● **Instructions to follow**
Leave out every picture, then transcribe the rest of the listing exactly.

● **Data provided**
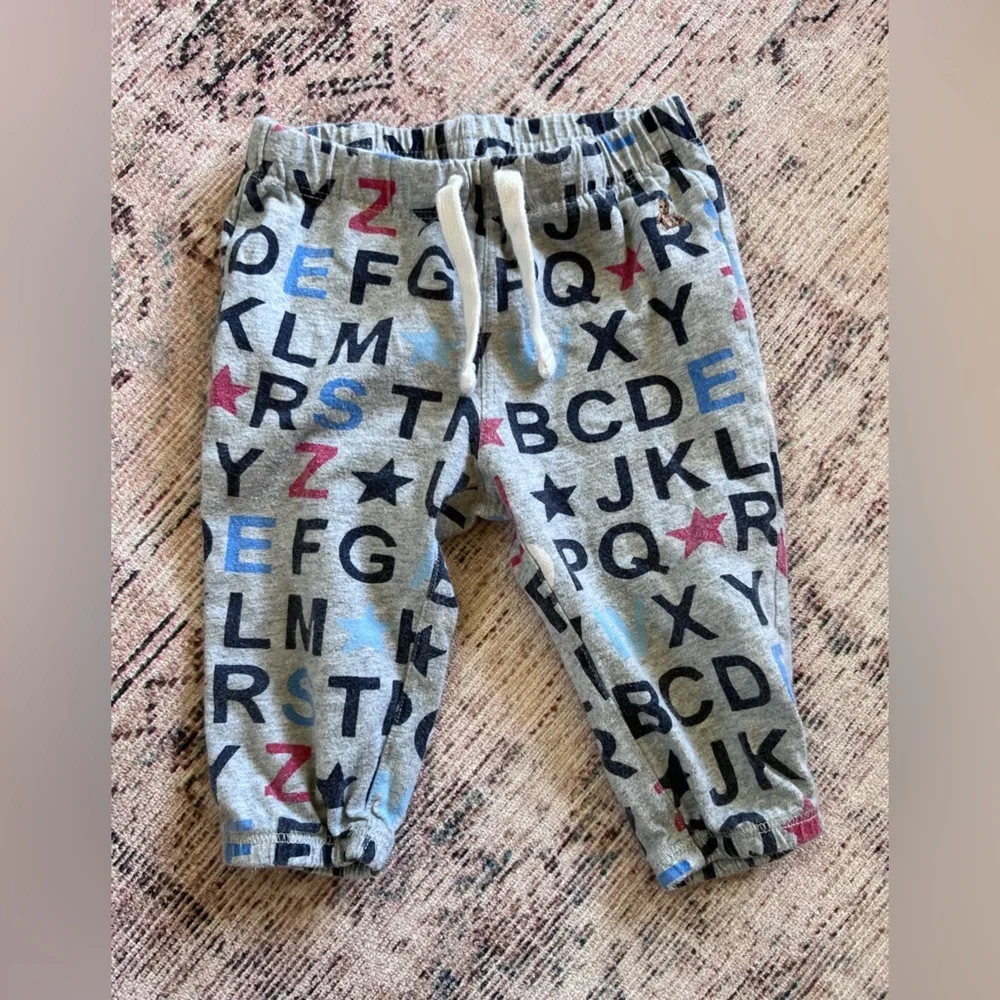 GAP Gray and Black Alphabet Print Joggers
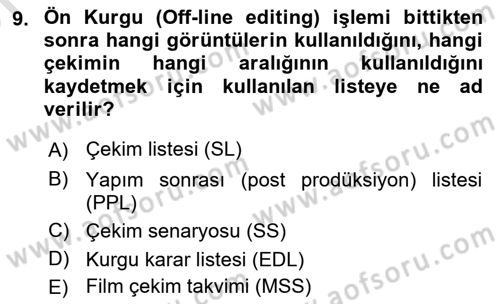 Dijital Video Kurgu Ve Efekt Dersi 2024 - 2025 Yılı (Vize) Ara Sınav Soruları 9. Soru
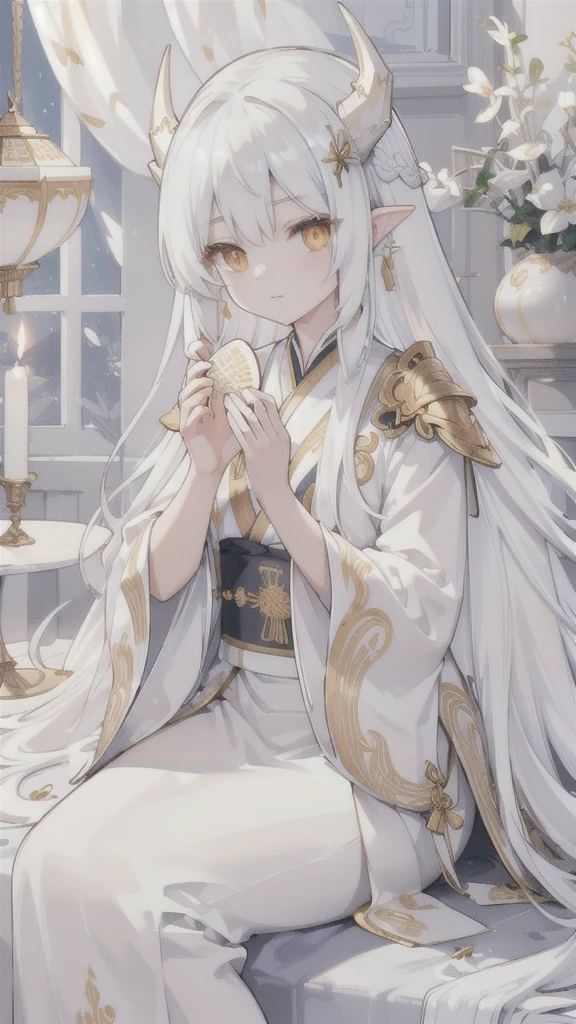 (best quality, highres, ultra-detailed:1.2), beautiful long white hair, stunning golden eyes, silver Hanfu armor, intricately designed white folding fan, white dragon horns, ethereal lighting, soft color palette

● **Task answer**
 GAP Gray and Black Alphabet Print Joggers
 Dijital Video Kurgu Ve Efekt Dersi 2024 - 2025 Yılı (Vize) Ara Sınav Soruları 9. Soru
 (best quality, highres, ultra-detailed:1.2), beautiful long white hair, stunning golden eyes, silver Hanfu armor, intricately designed white folding fan, white dragon horns, ethereal lighting, soft color palette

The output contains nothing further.